> **Work item**
The answer must consist solely of the lines below starting at the one containing "Luftaufnahme der Masurischen" and ending at the one containing "Madrid Spain Pre-Dawn", repeated exactly, with both ends included and all pictures omitted.

> **Given entries**
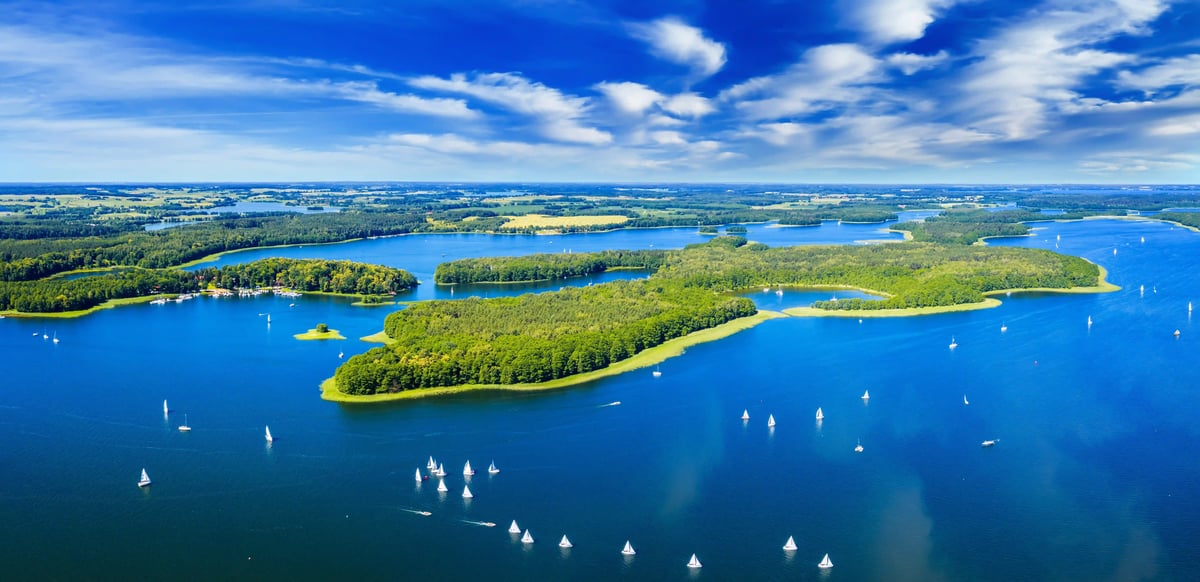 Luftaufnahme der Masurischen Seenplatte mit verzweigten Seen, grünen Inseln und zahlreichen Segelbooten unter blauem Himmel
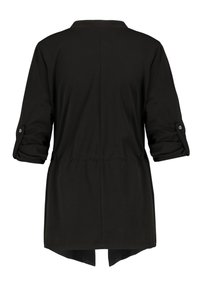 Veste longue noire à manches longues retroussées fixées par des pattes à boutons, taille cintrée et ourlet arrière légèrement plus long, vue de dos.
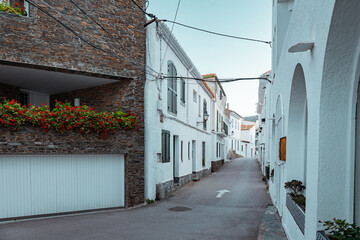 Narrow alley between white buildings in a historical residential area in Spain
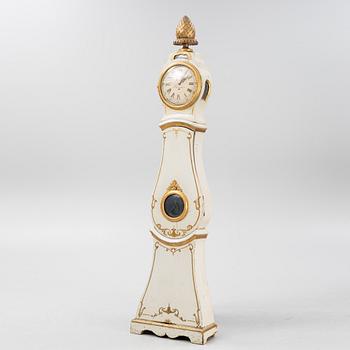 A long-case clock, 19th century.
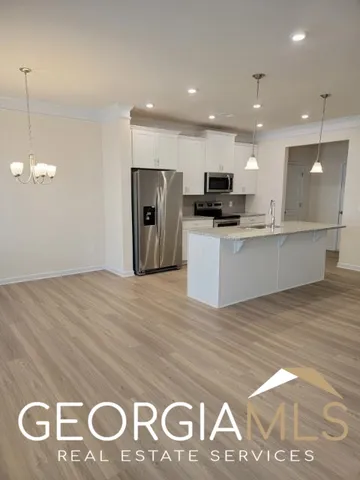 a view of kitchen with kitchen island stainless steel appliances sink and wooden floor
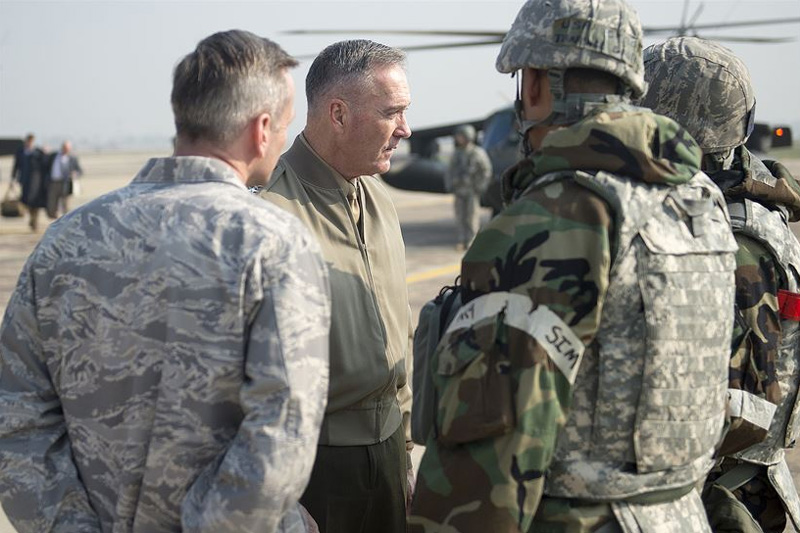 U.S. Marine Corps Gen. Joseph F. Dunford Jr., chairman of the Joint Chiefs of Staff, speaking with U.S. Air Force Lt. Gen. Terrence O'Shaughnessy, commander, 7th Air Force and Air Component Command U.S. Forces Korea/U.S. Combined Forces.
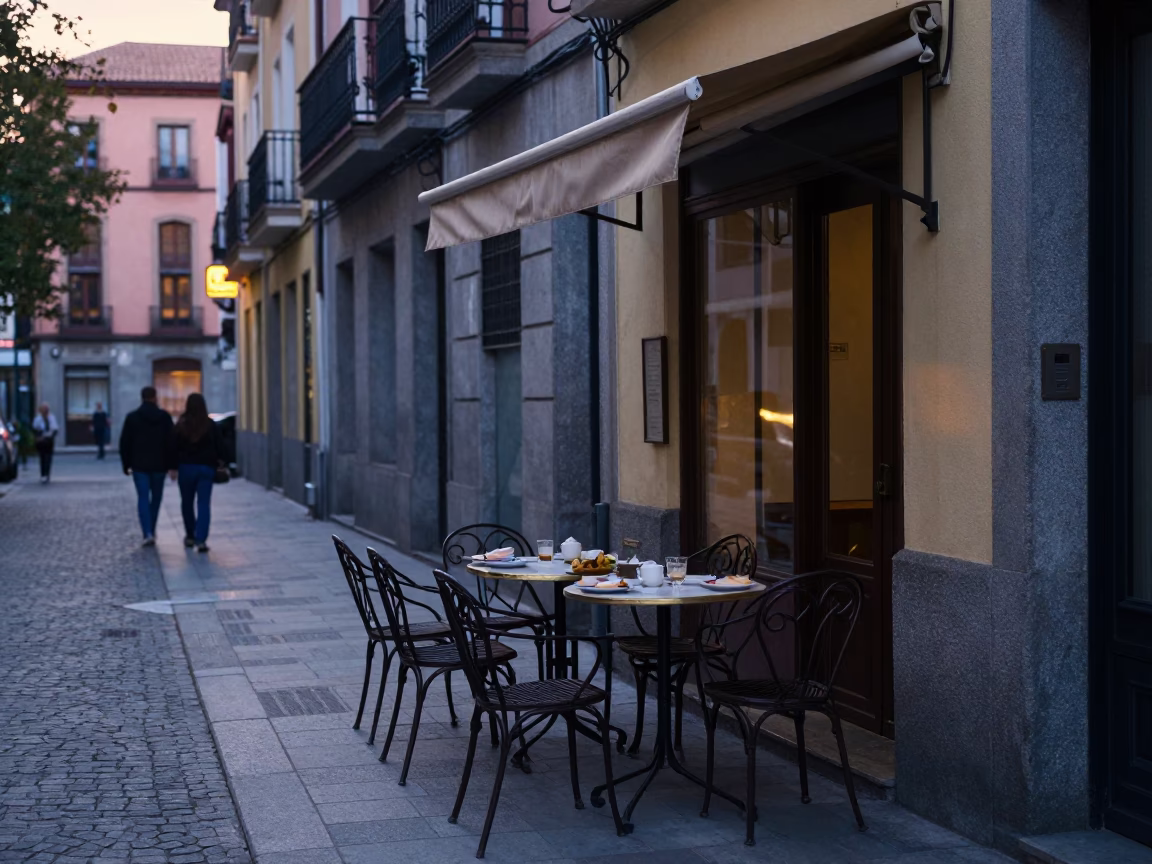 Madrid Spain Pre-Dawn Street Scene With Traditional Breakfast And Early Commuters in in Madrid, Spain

* * *

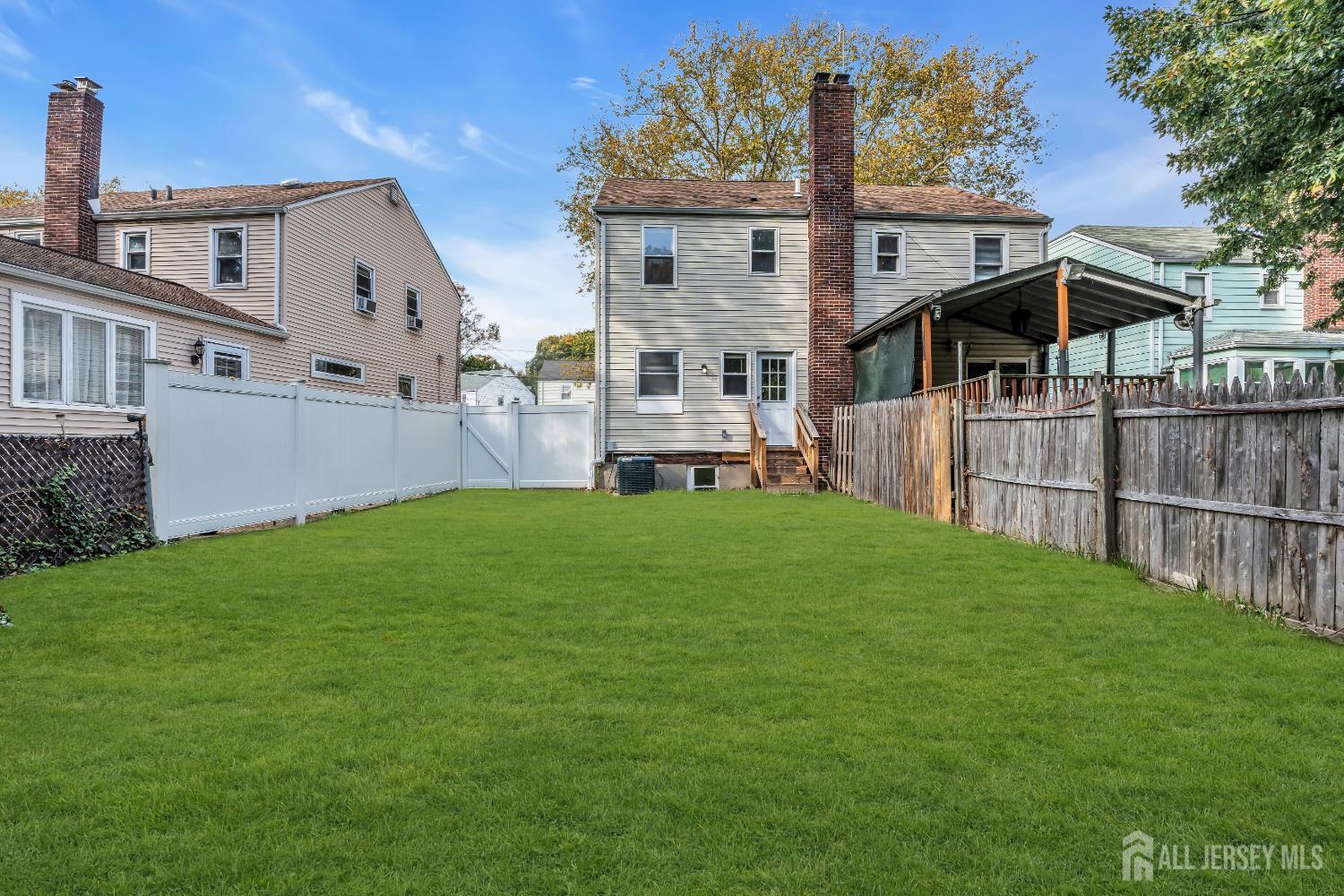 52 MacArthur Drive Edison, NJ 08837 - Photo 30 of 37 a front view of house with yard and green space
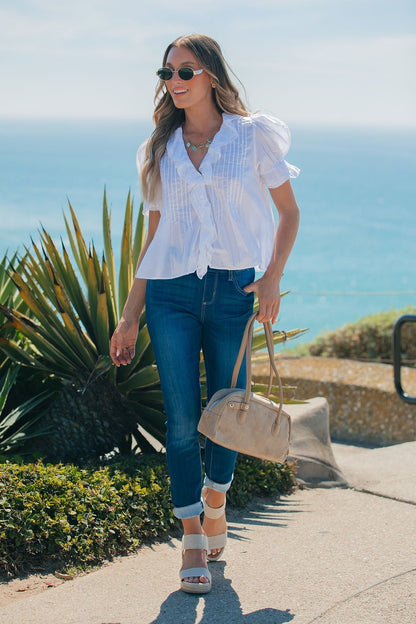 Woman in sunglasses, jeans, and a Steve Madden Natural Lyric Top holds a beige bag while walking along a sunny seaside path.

> **Answer**
 Luftaufnahme der Masurischen Seenplatte mit verzweigten Seen, grünen Inseln und zahlreichen Segelbooten unter blauem Himmel
 Veste longue noire à manches longues retroussées fixées par des pattes à boutons, taille cintrée et ourlet arrière légèrement plus long, vue de dos.
 Narrow alley between white buildings in a historical residential area in Spain
 A long-case clock, 19th century.
 a view of kitchen with kitchen island stainless steel appliances sink and wooden floor
 U.S. Marine Corps Gen. Joseph F. Dunford Jr., chairman of the Joint Chiefs of Staff, speaking with U.S. Air Force Lt. Gen. Terrence O'Shaughnessy, commander, 7th Air Force and Air Component Command U.S. Forces Korea/U.S. Combined Forces.
 Madrid Spain Pre-Dawn Street Scene With Traditional Breakfast And Early Commuters in in Madrid, Spain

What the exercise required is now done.